Revision 1.0           2000                  Revised by: ZB                  
Initial release.                                                             


This document explains the use of the phhttpd http server accelerator under
Linux.

As of the later 2.3 kernels, and offically in 2.4 and later, the TUX http
accelerator is included in the standard Linux kernel tree. Therefore, this
document should be considered obsolete for most users.

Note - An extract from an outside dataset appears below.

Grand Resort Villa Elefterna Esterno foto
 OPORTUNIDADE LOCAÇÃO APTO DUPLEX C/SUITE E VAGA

-----------------------------------------------------------------------------
Table of Contents
1. Copyright and License
2. Introduction
    2.1. Architectural Overview
    2.2. Supported Systems
   
   
3. Configuration File
    3.1. Overview
    3.2. Global Config Section
    3.3. Virtual Servers
   
   
4. Logging
    4.1. Overview
    4.2. Configuration
    4.3. Format and Strange Behaviour
   
   
5. Run Time Facilities
    5.1. Overview
    5.2. Log Rotating
    5.3. Status Reporting
   
   

-----------------------------------------------------------------------------
1. Copyright and License

This document is copyright 2000 by Zach Brown, and 2001 by David C. Merrill.
It is released under the GNU Free Documentation License, which is hereby
incorporated by reference.
-----------------------------------------------------------------------------

2. Introduction

phhttpd is an HTTP accelerator. It serves fast static HTTP fetches from a
local file-system and passes slower dynamic requests back to a waiting
server. It features a lean networking I/O core and an aggressive content
cache that help it perform its job efficiently.
-----------------------------------------------------------------------------

2.1. Architectural Overview

phhttpd features a very slim I/O core. It does all its networking work using
non-blocking system calls driven by whatever event model is most appropriate
for the host operating system. This allows a single execution context to
handle as many client connections as the event model dictates.

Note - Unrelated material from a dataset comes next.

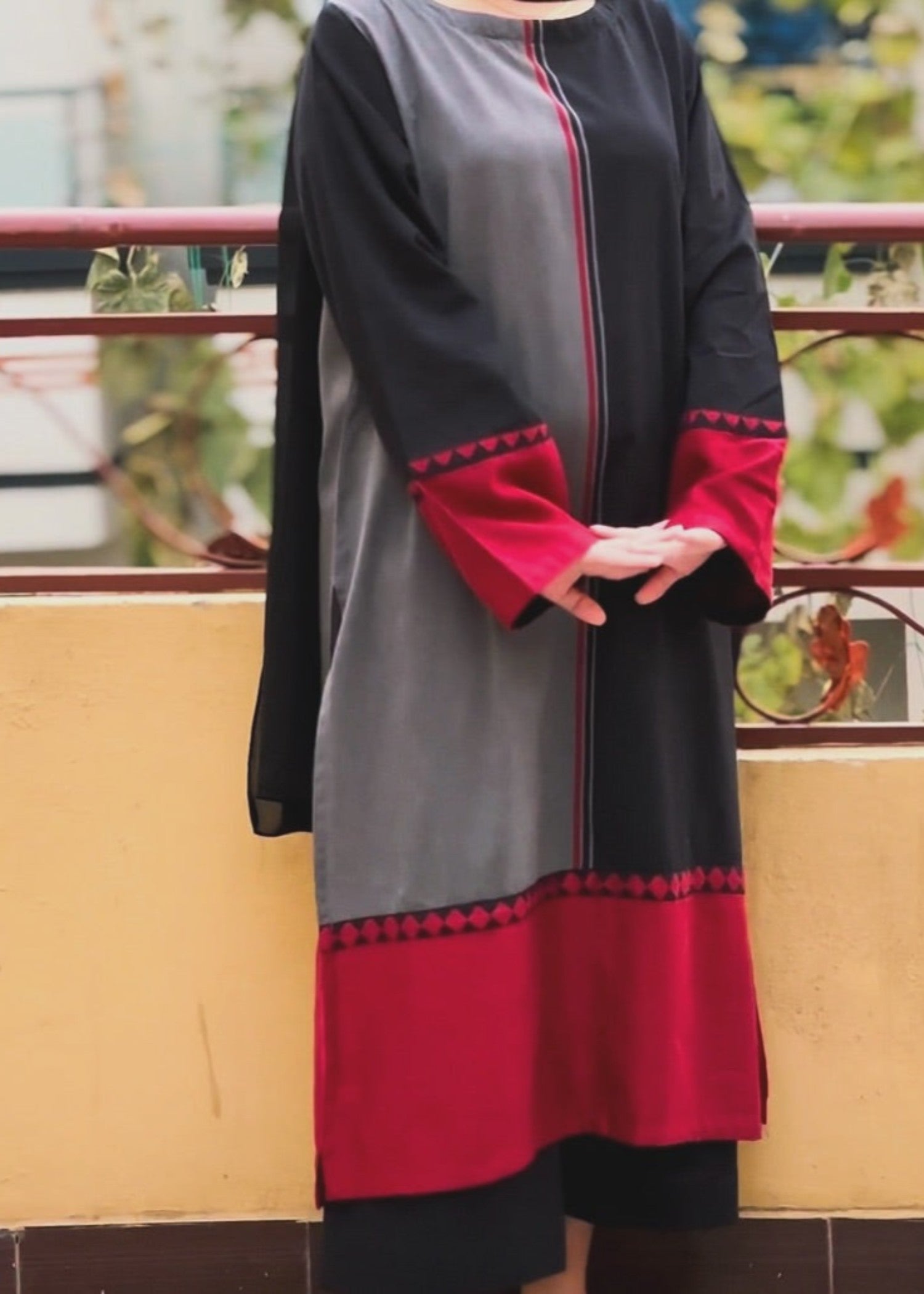 Libas Thread Mahira Multi Women 2pcs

phhttpd's job is to serve static content as quickly as it possibly can. To do
this it maintains a cache of content in memory. When a request is serviced,
phhttpd saves a reference to the on disk content and whatever HTTP headers
are dependent on the content. The next time a request for this content is
received, phhttpd can service it very quickly. This cache can be prepopulated
(populated at run time), or can be built dynamically as requests come in. Its
size may also be capped by the administrator so that it doesn't overwhelm a
system.

phhttpd is a threaded stand alone daemon. The number of threads is currently
statically defined at run time. Incoming connections are evenly balanced
among the running threads, regardless of what content they may be serving.
Connections are served by the thread that accepted them until the transfer is
done.
-----------------------------------------------------------------------------

2.2. Supported Systems

phhttpd is currently only expected to build and run on Linux systems using
glibc2.1 under a kernel that supports passing POLL* information over
real-time SIGIO signals. This means later 2.3.x kernels or a 2.2.x kernel
that has been patched.

I badly want this to change. If you're interested in doing porting work to
other Operating Systems, please do let me know.
-----------------------------------------------------------------------------

3. Configuration File

3.1. Overview

phhttpd uses an XML config file format to express how it should behave while
running. More information on XML may be found near [http://www.w3.org/XML/]
http://www.w3.org/XML/

phhttpd's configuration centers around the concept of virtual servers. For
us, a virtual server may be thought of as the merging of a document tree and
the actions phhttpd takes while serving that content.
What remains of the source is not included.